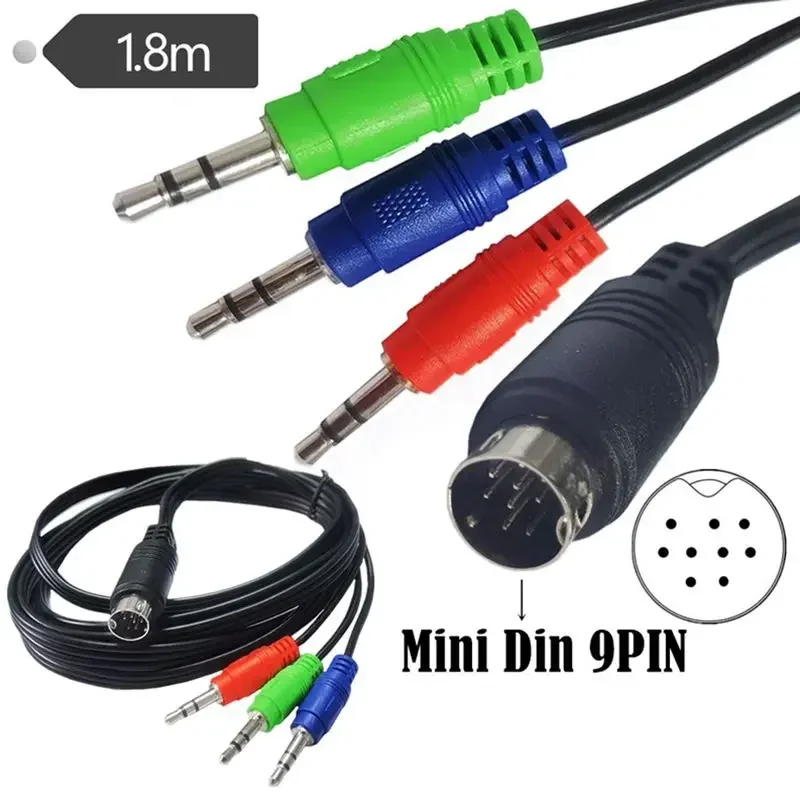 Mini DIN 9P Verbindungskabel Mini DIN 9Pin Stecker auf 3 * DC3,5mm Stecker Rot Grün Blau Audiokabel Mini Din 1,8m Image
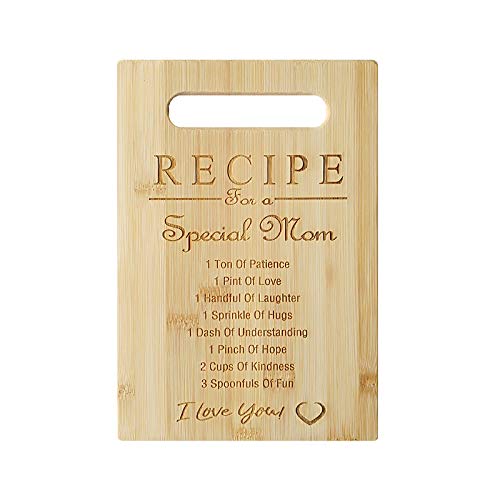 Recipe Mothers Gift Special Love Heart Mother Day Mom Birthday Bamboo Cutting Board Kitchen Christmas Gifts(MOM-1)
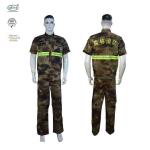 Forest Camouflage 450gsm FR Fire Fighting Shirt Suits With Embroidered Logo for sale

--

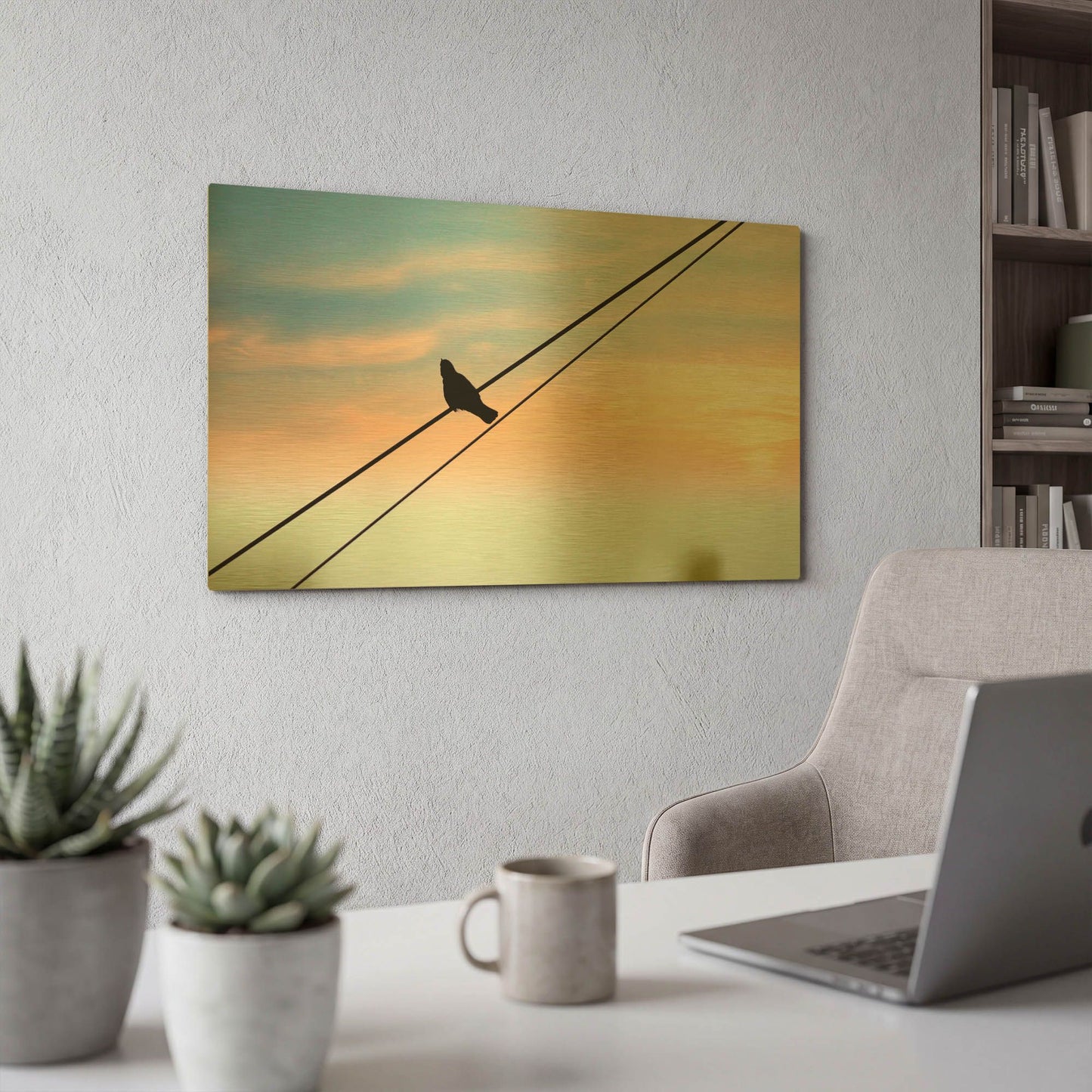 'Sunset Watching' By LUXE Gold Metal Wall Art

**Instructions for the task**
In the entries above, which lines run from the one with "Mini DIN 9P Verbindungskabel" up to and including the one with "Forest Camouflage 450gsm"? Write them out exactly, without the pictures.

**Answer to the problem**
 Mini DIN 9P Verbindungskabel Mini DIN 9Pin Stecker auf 3 * DC3,5mm Stecker Rot Grün Blau Audiokabel Mini Din 1,8m Image
 Recipe Mothers Gift Special Love Heart Mother Day Mom Birthday Bamboo Cutting Board Kitchen Christmas Gifts(MOM-1)
 Forest Camouflage 450gsm FR Fire Fighting Shirt Suits With Embroidered Logo for sale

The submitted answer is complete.